A empresa de telefonia disse que os dados compartilhados durante a parceria “foram utilizados apenas para estudos e análises internas” e “não foram incorporados a soluções colocadas em mercado”.
“A companhia possui programa robusto de governança em privacidade e seguirá colaborando com a Agência, prestando os esclarecimentos necessários no âmbito do processo em questão”, finalizou.
Já a Serasa Experian disse que “não há qualquer descumprimento” à LGPD. A empresa afirma que “atendeu rigorosamente todas as exigências legais e regulatórias aplicáveis à parceria” e que “apresentará seus esclarecimentos e manifestações dentro do prazo estabelecido pela autoridade competente”.
“A empresa reafirma o seu comprometimento com as melhores práticas de mercado e com o cumprimento das disposições da lei brasileira de proteção de dados”, conclui a nota.
As empresas foram notificadas na última segunda-feira (1º). Cada uma responde a um processo diferente. Os casos foram abertos após a conclusão de um processo de fiscalização conjunto, concluído pela agência em 1º de maio.
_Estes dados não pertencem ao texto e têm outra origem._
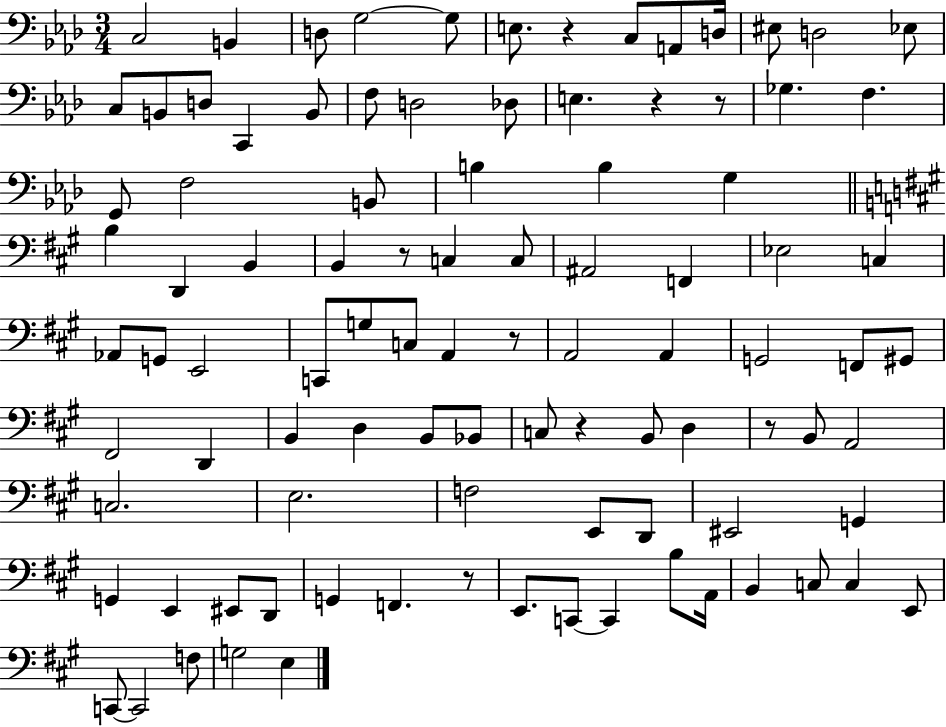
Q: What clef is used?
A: bass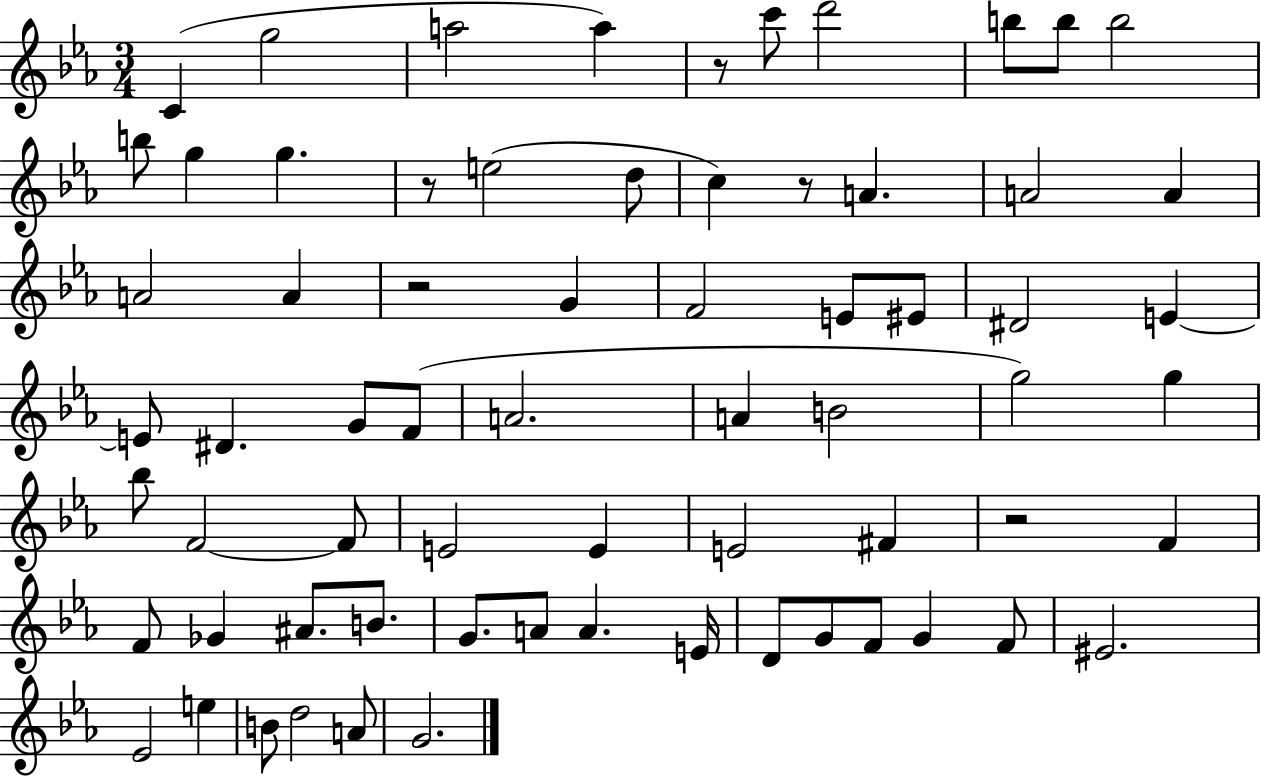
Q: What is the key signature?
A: EES major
A Claro responde a um processo administrativo sancionador, que pode levar a punições como a aplicação de multa de 2% do faturamento da empresa ou até R$ 50 milhões por infração, de acordo com a LGPD.
A ANPD também diz que a empresa deverá ser orientada sobre as obrigações para contratos de compartilhamento de dados, tanto os já em vigor quanto os futuros.
Entre as possíveis infrações cometidas pela Claro, a agência aponta o compartilhamento excessivo de dados, a falta de transparência com os clientes da empresa e a dificuldade de acesso ao profissional contratado para atuar como canal de comunicação com os clientes e a ANPD, chamado de encarregado.
Após a apresentação da defesa, a decisão será tomada pela Superintendência de Fiscalização. Caso haja recurso, ele será analisado pelo Conselho Diretor da ANPD.
Já a Serasa Experian responde a um processo de fiscalização -ou seja, ainda são necessárias mais informações antes de avançar, se for o caso, até um processo sancionador.
No caso da Serasa, a ANPD avaliará a transparência prestada aos titulares de dados. De acordo com a agência, a investigação verificará se a política de privacidade informa adequadamente quem compartilha dados com a Serasa e com quem ela compartilha esses dados.
Se forem confirmadas irregularidades, o caso poderá seguir para a fase sancionadora.
A especialista em proteção de dados Stefani Vogel diz que o papel da ANPD é diligenciar para que esse tratamento de dados pessoais não aconteça de forma desrespeitosa. Ela lembra que a proteção de dados pessoais foi alçada a direito fundamental na Constituição e que irregularidades no tratamento de informações têm efeitos práticos.
“Os dados são uma esfera da nossa personalidade. Existe uma dimensão de nós mesmos nesses dados e isso impacta profundamente, inclusive, a nossa vida em sociedade”, diz.